Tomasz Hajto ocenił polskich bramkarzy: Prezentuje taki poziom, aby walczyć o miejsce z Fabiańskim i Szczęsnym

Tomasz Hajto ocenił polskich bramkarzy: Prezentuje taki poziom, aby walczyć o miejsce z Fabiańskim i Szczęsnym
Marcin Kadziolka/Shutterstock
W niedzielnym programie "Cafe Futbol" na antenie "Polsatu Sport" poruszono temat bramkarzy, którzy będą stanowić o przyszłości reprezentacji Polski. Tomasz Hajto jest zdania, że Bartłomiej Drągowski już teraz powinien otrzymać szansę w kadrze prowadzonej przez Jerzego Brzęczka.
Chociaż Bartłomiej Drągowski zbiera w tym sezonie znakomite recenzje w Serie A, to do tej pory tylko raz otrzymał od selekcjonera powołanie do pierwszej reprezentacji. Wciąż czeka na debiut w narodowych barwach. Być może nastąpi on jesienią.
Dalsza część tekstu pod wideo
Szansy dla golkipera Fiorentiny głośno domaga się Tomasz Hajto. Były piłkarz uważa, że 22-latek już teraz jest gotowy, aby rzucić wyzwanie Łukaszowi Fabiańskiemu i Wojciechowi Szczęsnemu.

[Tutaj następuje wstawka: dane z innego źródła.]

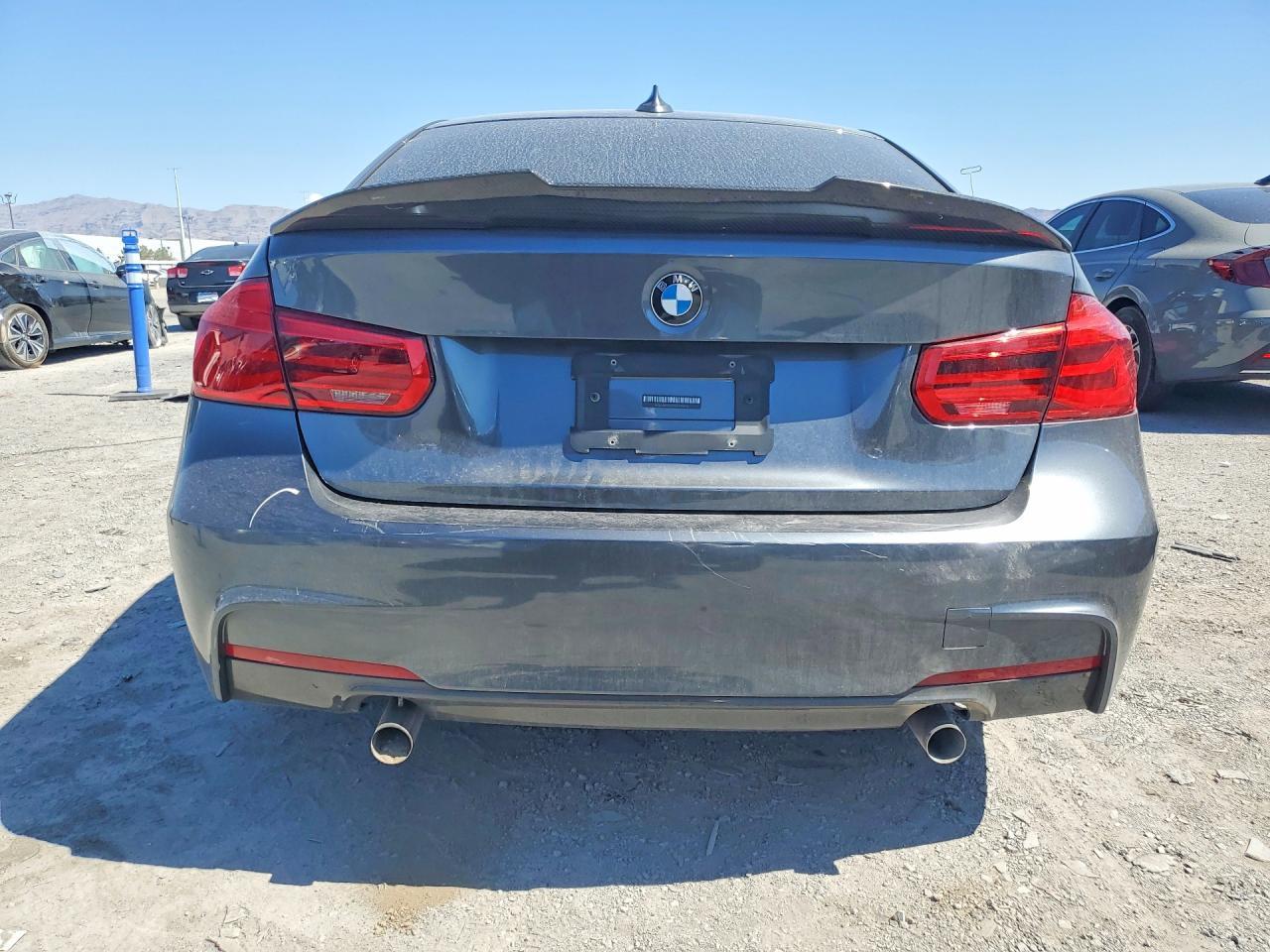2016 BMW 340 Xi - Фото 6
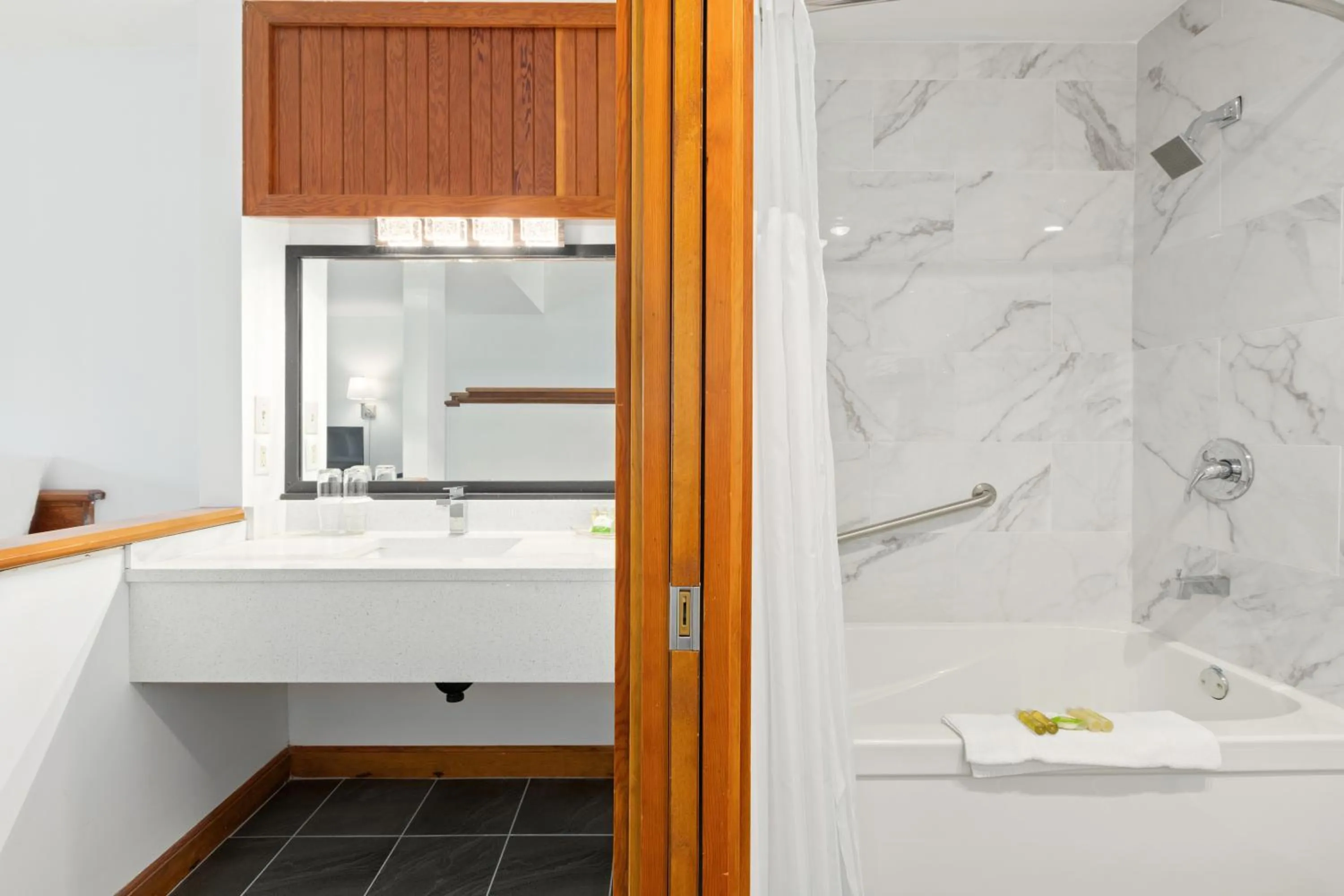 Bathroom in Canadian Princess Lodge & Marina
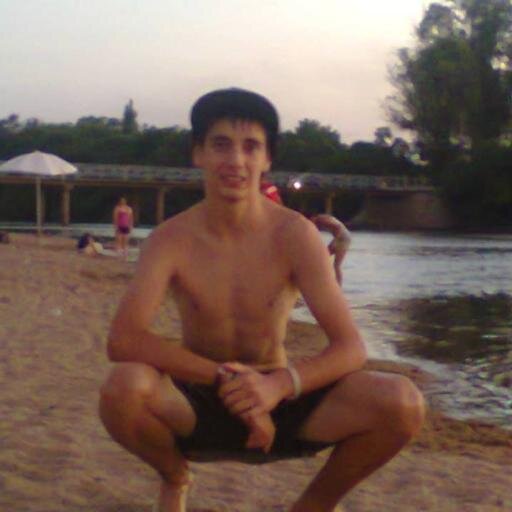 Jugador en las formativas de Peñarol de Treinta y Tres Uruguay. Amante del Futbol, Aficionado del Club nacional de futbol, Tengo 15 Años.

- Moje zdanie jest takie, że Bartłomiej Drągowski prezentuje dzisiaj taki poziom, aby walczyć z Fabiańskim i Szczęsnym. Przez niego zacząłem oglądać ligę włoską. Jest wymieniany w czwórce najlepszych bramkarzy ligi, nie grając w Juventusie. Uważam, że może teraz podjąć rękawicę. Ten chłopak cały czas robi postępy - ocenił Hajto.
Z tą opinią nie zgodził się jeden z najlepszych trenerów bramkarzy w naszym kraju, Andrzej Dawidziuk. Szkoleniowiec wierzy bardziej w umiejętności Radosława Majeckiego. Przewiduje, że młody golkiper zostanie numerem jeden w AS Monaco, którego barwy będzie reprezentował od przyszłego sezonu.
- Nie posadziłbym na ławce ani Wojtka, ani Łukasza, wiedząc jakie mają doświadczenie. Myślę, że Majecki jest w grupie bramkarzy, mogących w przyszłości grać w reprezentacji. Na pewno będzie bardzo mocno walczył o to, aby być następcą tych, którzy dzisiaj są liderami. Zarządzanie jego karierą jest do tej pory modelowe. On nie zadebiutował w Legii z marszu – zagrał w juniorach, w drugiej drużynie, został wypożyczony na rok do Stali Mielec, gdzie miał fantastyczny sezon. To zarządzanie rozwojem - uważa Dawidziuk.
- Z Drągowskim było tak samo. Pamiętam, że w pewnym momencie zaczęto dyskutować, po co tak wcześnie wyjechał. Moim zdaniem to dobra decyzja. Był w stanie wejść na wyższy poziom. Myślę, że z Majeckim będzie podobnie. Nikt nie wydaje tak dużych pieniędzy na bramkarza, nie mając konkretnego planu. Będzie tam numerem jeden - zakończył.